■ **Problem**: What you return should be the complete data below, word for word, with no pictures in it.

■ **Provided data**:
━━━━━━━━━━━━━━━━
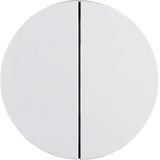 Button 2gang, R.1/R.3/1930/R.cl., p. white glossy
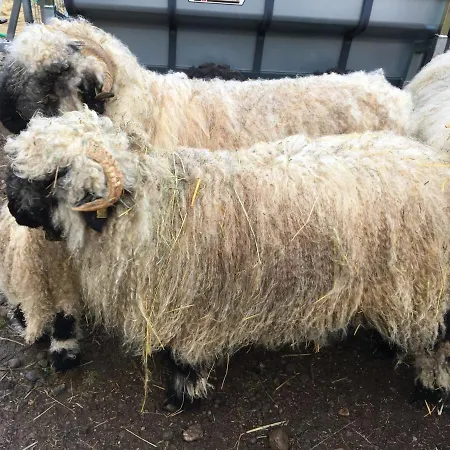 Le Domaine De La Louve Blanche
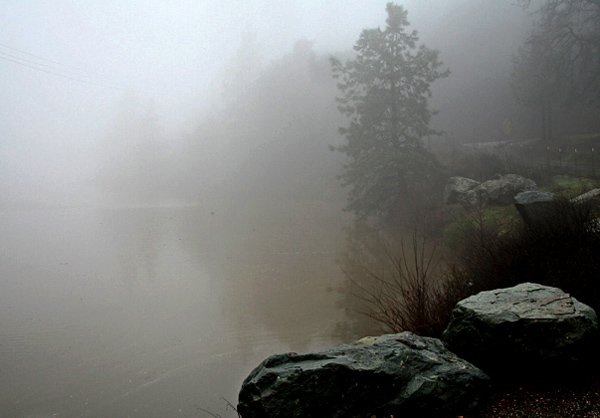 February  Foggy Day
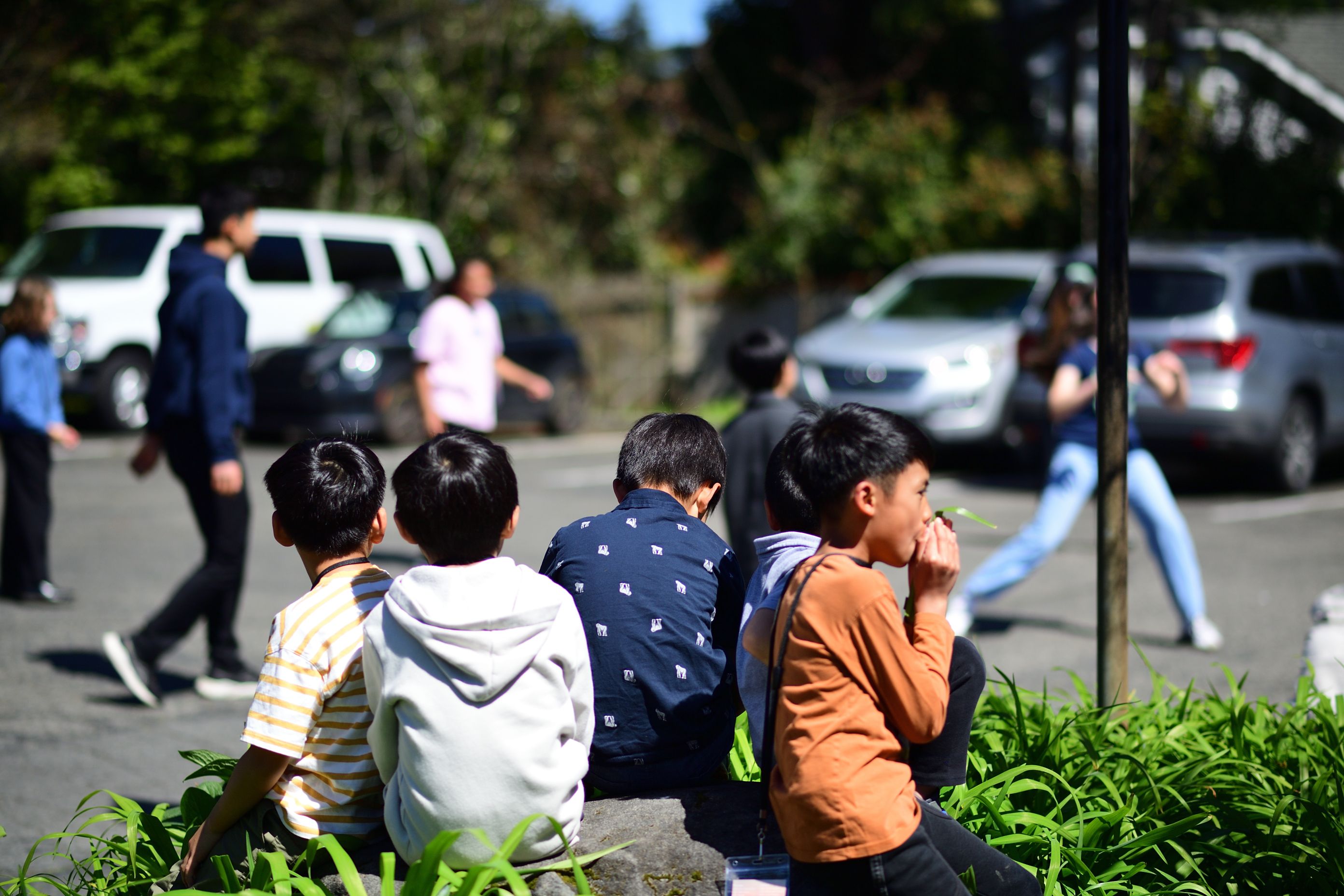 April 2026 photo 62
━━━━━━━━━━━━━━━━
■ **Exercise output**:
 Button 2gang, R.1/R.3/1930/R.cl., p. white glossy
 Le Domaine De La Louve Blanche
 February  Foggy Day
 April 2026 photo 62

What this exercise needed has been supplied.